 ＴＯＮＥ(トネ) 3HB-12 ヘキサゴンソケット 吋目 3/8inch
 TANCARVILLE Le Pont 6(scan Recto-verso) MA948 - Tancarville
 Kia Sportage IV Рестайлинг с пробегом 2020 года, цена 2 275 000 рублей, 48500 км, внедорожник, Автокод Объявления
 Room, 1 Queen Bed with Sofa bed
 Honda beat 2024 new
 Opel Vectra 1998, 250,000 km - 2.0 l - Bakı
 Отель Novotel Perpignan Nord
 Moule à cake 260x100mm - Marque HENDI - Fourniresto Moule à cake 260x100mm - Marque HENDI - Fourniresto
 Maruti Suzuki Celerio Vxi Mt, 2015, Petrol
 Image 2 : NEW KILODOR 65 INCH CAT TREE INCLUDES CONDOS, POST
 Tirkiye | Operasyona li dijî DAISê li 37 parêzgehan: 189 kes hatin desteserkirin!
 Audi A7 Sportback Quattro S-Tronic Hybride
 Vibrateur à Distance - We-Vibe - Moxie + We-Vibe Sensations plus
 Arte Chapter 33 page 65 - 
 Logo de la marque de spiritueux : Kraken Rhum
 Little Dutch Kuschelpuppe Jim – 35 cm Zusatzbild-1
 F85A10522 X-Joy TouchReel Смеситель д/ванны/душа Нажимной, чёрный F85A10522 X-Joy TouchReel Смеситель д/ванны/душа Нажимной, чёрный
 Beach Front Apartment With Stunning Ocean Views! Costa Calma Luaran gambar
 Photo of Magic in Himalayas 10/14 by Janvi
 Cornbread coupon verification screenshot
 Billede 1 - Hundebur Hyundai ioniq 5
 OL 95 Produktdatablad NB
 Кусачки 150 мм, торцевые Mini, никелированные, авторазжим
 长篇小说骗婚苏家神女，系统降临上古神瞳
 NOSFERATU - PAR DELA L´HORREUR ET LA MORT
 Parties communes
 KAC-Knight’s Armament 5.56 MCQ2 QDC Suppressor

****************

Work task:
When you reach the end of the listing, print it again in full, exactly as given.

Response below:
 ＴＯＮＥ(トネ) 3HB-12 ヘキサゴンソケット 吋目 3/8inch
 TANCARVILLE Le Pont 6(scan Recto-verso) MA948 - Tancarville
 Kia Sportage IV Рестайлинг с пробегом 2020 года, цена 2 275 000 рублей, 48500 км, внедорожник, Автокод Объявления
 Room, 1 Queen Bed with Sofa bed
 Honda beat 2024 new
 Opel Vectra 1998, 250,000 km - 2.0 l - Bakı
 Отель Novotel Perpignan Nord
 Moule à cake 260x100mm - Marque HENDI - Fourniresto Moule à cake 260x100mm - Marque HENDI - Fourniresto
 Maruti Suzuki Celerio Vxi Mt, 2015, Petrol
 Image 2 : NEW KILODOR 65 INCH CAT TREE INCLUDES CONDOS, POST
 Tirkiye | Operasyona li dijî DAISê li 37 parêzgehan: 189 kes hatin desteserkirin!
 Audi A7 Sportback Quattro S-Tronic Hybride
 Vibrateur à Distance - We-Vibe - Moxie + We-Vibe Sensations plus
 Arte Chapter 33 page 65 - 
 Logo de la marque de spiritueux : Kraken Rhum
 Little Dutch Kuschelpuppe Jim – 35 cm Zusatzbild-1
 F85A10522 X-Joy TouchReel Смеситель д/ванны/душа Нажимной, чёрный F85A10522 X-Joy TouchReel Смеситель д/ванны/душа Нажимной, чёрный
 Beach Front Apartment With Stunning Ocean Views! Costa Calma Luaran gambar
 Photo of Magic in Himalayas 10/14 by Janvi
 Cornbread coupon verification screenshot
 Billede 1 - Hundebur Hyundai ioniq 5
 OL 95 Produktdatablad NB
 Кусачки 150 мм, торцевые Mini, никелированные, авторазжим
 长篇小说骗婚苏家神女，系统降临上古神瞳
 NOSFERATU - PAR DELA L´HORREUR ET LA MORT
 Parties communes
 KAC-Knight’s Armament 5.56 MCQ2 QDC Suppressor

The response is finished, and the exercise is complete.